I just toss in 4-5 pest snails each week. They must feel it's a "plentiful and safe" place to breed..... lol.

Got a better pic of one of the babies today. This one has nice striping already! You can see one of the big pest snail shells it's parents already killed near it, lol.



Nah, they won't be pests! When/if they reach adult size (meaning if the parents don't assassinate them first) I will be selling or trading them into my local LFS. There's always something I need for the fish: carbon, nitrazorb, water conditioner.... credit will be nice.


----------



## joevw007 (Jul 6, 2011)

dibs on some =)


----------



## jbrown5217 (Nov 9, 2011)

that is awesome I love my snail and the fact that you get to see the whole mating process is awesome.


----------



## Kehy (Apr 19, 2011)

cuute!


----------



## holly12 (Apr 21, 2011)

Joe, if I'm allowed to ship over the boarder, then you can have some! XD (Not sure if I need a special license to send to the U.S....)


----------



## Bob-O (Jan 28, 2012)

I put four assassins in my tank a couple months ago. I started seeing eggs the first week, but finally spotted my first baby this morning. Great way to start the day. =)

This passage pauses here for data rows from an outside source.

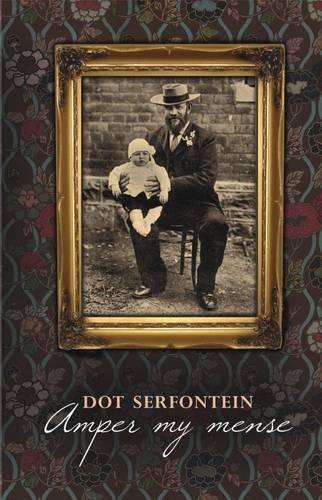 Amper My Mense - Dot Serfontein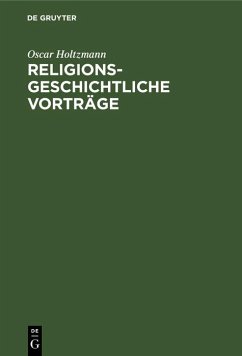 Cover Religionsgeschichtliche Vorträge (eBook, PDF)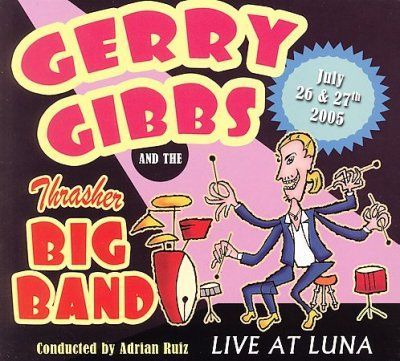 Gerry Gibbs - Gerry Gibbs And The Thrasher Big Band (CD)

If you're looking to breed them, I suggest a planted tank around 75F with plenty of snails to eat. I got them to take care of pond snails that came in on plants, now I collect trumpet snails from my friends tank so they have plenty of food (and the trumpets keep the sand moving). They will dig after snails in the substrate as someone mentioned before, and I've counted about 30 eggs on plants, rocks, wood, whatever.

My assassins are still in my 55 gallon while the 90 gallon cycles for a while after a heater exploded, but the pond and trumpet population is blowing up in the 90 gallon... and I've never been happier to be invested with snails. =) Can't wait to unleash the assassins!


----------



## danjsinclair (Nov 16, 2011)

Well done!!!
Keep us posted (and get a better camera! Ha ha ha)
Dan


----------



## holly12 (Apr 21, 2011)

Lol, I'd LOVE a better camera! But, that will have to wait until we have money... *sigh

The population boom has slowed down now that my pest snails in the other tank are dwindling down. There are still some eggs to be hatched, and I still see some mating, but there are definitely not as many eggs as when they first started breeding. A few babies went to a friend in town, and a bunch still have to be sent to Susankat when the weather is warm (and will stay warm, lol.)


----------



## fishboy (Jul 15, 2012)

congrats!


----------